But I guess Git already depends on perl ...
* using bash built-ins:
https://serverfault.com/questions/909153/how-to-add-multiple-post-receive-hooks-to-a-git-repository
It seems like the hooks can have multiple lines on stdin. This batch
script will invoke the hooks multiple times in that case. That might
be unfortunate. And it also doesn't detect failures.
And unfortunately, it seems like they both just describe how it
*can* be done. It is not a standard way of doing it.

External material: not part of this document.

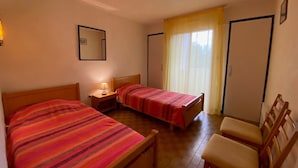 Une petite chambre agréable, dotée de deux lits simples, d’une table de chevet avec une lampe, d’une chaise et d’une fenêtre avec des rideaux.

I was also surprised at first, to find that this problem even
existed. Why doesn't git support multiple post-receive hooks
natively? I think I understand more now, why they would want to just
stay out of that game. Sort of unfortunate that Kallithea must bear
the brunt of that decision here.
It would be nice if there was a "standard" dispatcher (perhaps a
simple shell script) that could be installed in The Hook Location
- something that picked up multiple hook files. Instead of having
our hook call others, it would perhaps be better to install a
generic-ish hook and let it dispatch to both our hook and the
existing one.
I would indeed like a shell solution (I used the bash solution till
now, but till now that causes problems when doing an update), but
that ain't portable and I think Kallithea can run on Windows. It
can have advantages to let Kallithea run the other hooks: they can
be managed (in a later stage) by Kallithea, can be logged by
Kallithea and admins can be notified if a hook fails to run.
Also, running directly the Kallithea hook, Kallithea -being the one
managing the repository- is sure that its hook is correctly called
and it's shebang is correctly set and executable.
This can also be done using something generic-ish (and I like the
idea), but you add another layer that can fail and another file to
keep up to date like the existing hook.
As a step in the right direction, we can perhaps let Kallithea
create/overwrite post-receive.d/kallithea.hook *if* post-receive
already exists *and* isn't a kallithea hook, *and* if post-receive.d
exists.
That will leave it to you to install the dispatcher when installing
your hooks.
This would indeed be a step in the right direction. The admin can
always search in the docs how to create the dispatcher if she/he
wants to keep a single custom hook.
The globbing with pre-&postfix or the subdirectory (cleaner, but can
break the script) both have there (dis)advantages.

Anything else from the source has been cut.